Goal of the exercise: Your output must be the lines below from the line containing "J.Crew Long Military" to the line containing "Maggi Korean Spicy Cheese Noodles 130G", both lines included, reproduced exactly and without pictures.

Records for processing:

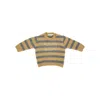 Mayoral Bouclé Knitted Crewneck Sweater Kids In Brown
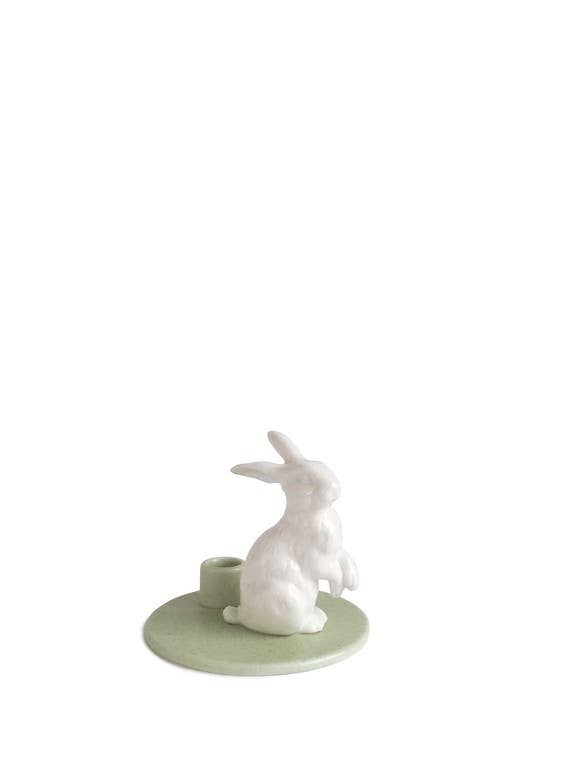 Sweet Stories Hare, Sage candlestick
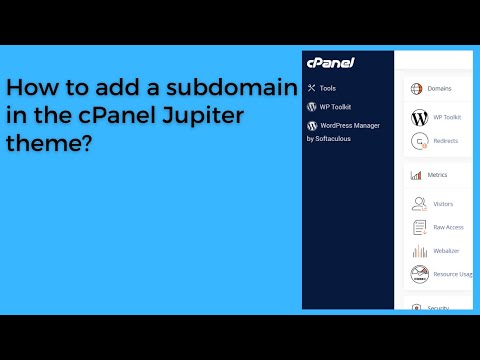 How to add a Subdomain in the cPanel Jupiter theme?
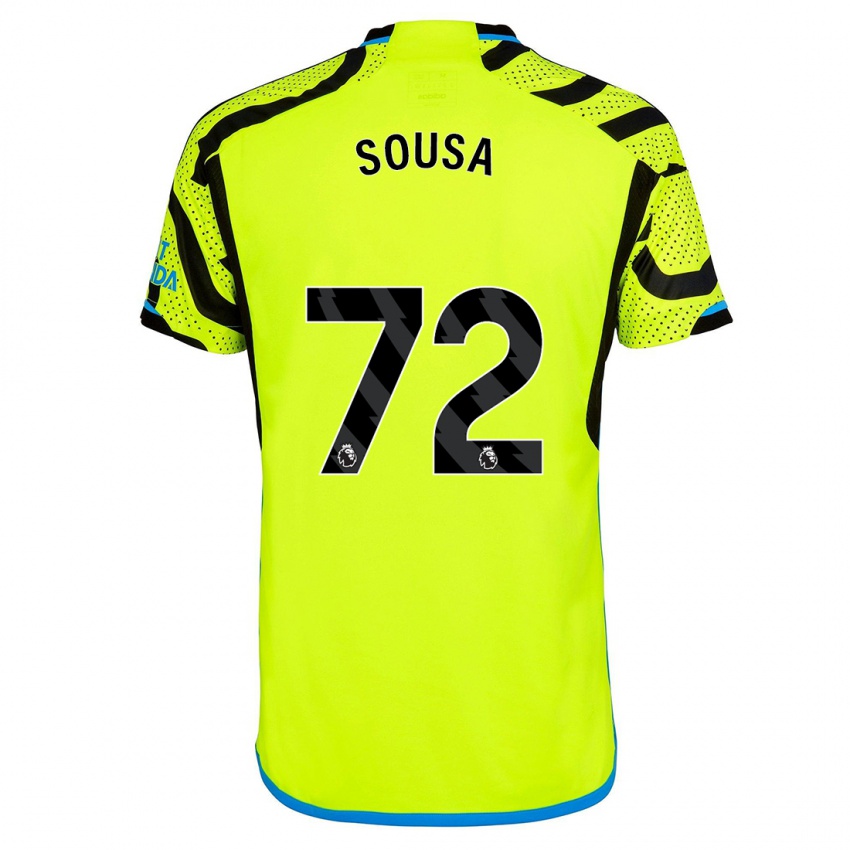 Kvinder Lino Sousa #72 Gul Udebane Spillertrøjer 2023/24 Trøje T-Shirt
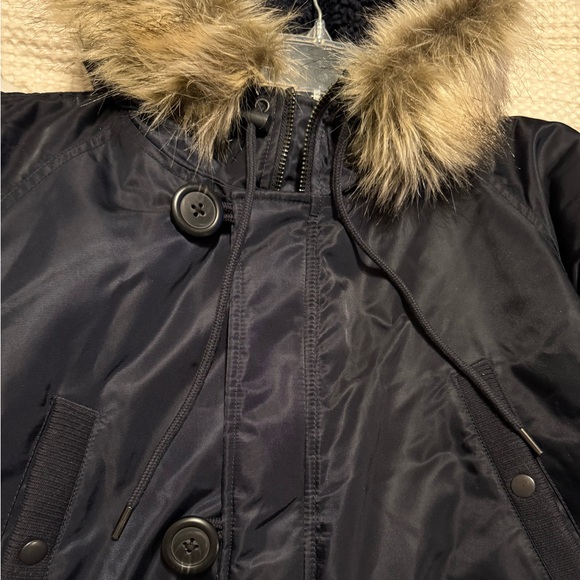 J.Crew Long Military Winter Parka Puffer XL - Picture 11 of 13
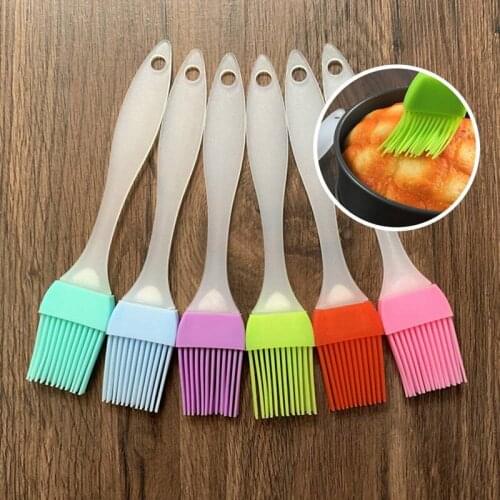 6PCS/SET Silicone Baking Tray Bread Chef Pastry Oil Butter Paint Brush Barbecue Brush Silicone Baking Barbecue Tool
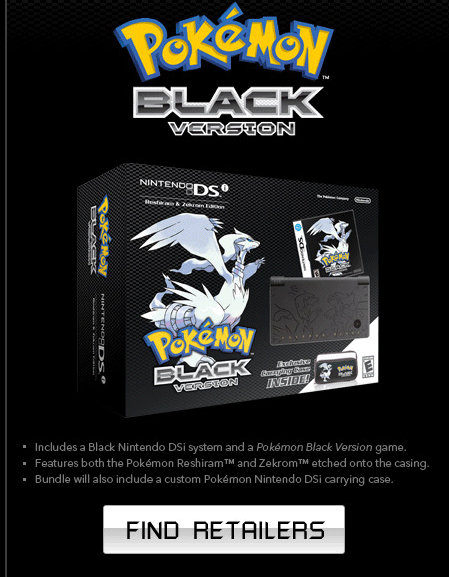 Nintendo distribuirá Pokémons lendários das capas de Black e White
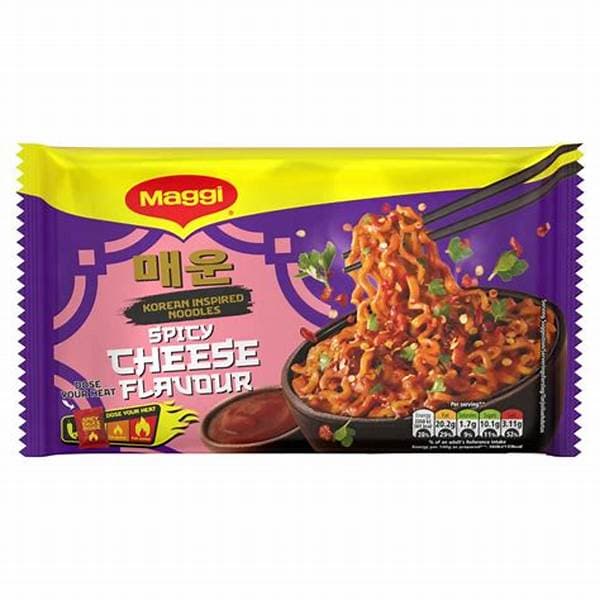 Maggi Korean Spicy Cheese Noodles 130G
* * *
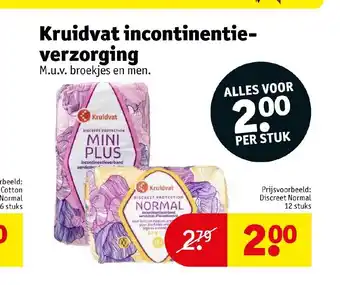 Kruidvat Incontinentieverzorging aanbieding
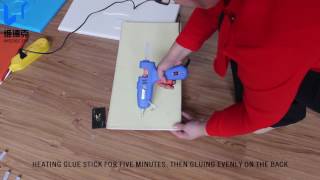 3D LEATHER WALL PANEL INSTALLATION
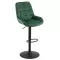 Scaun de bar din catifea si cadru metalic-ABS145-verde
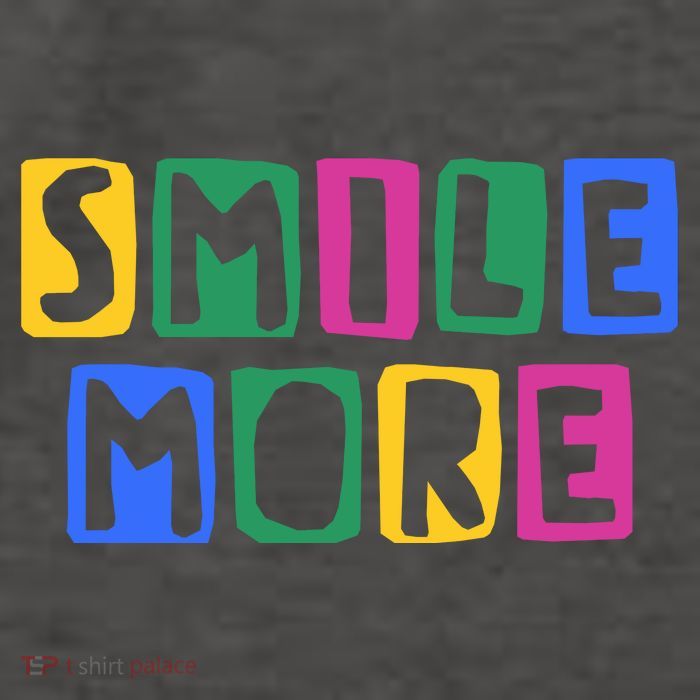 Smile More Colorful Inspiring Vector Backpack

Solution to this problem:
 J.Crew Long Military Winter Parka Puffer XL - Picture 11 of 13
 6PCS/SET Silicone Baking Tray Bread Chef Pastry Oil Butter Paint Brush Barbecue Brush Silicone Baking Barbecue Tool
 Nintendo distribuirá Pokémons lendários das capas de Black e White
 Maggi Korean Spicy Cheese Noodles 130G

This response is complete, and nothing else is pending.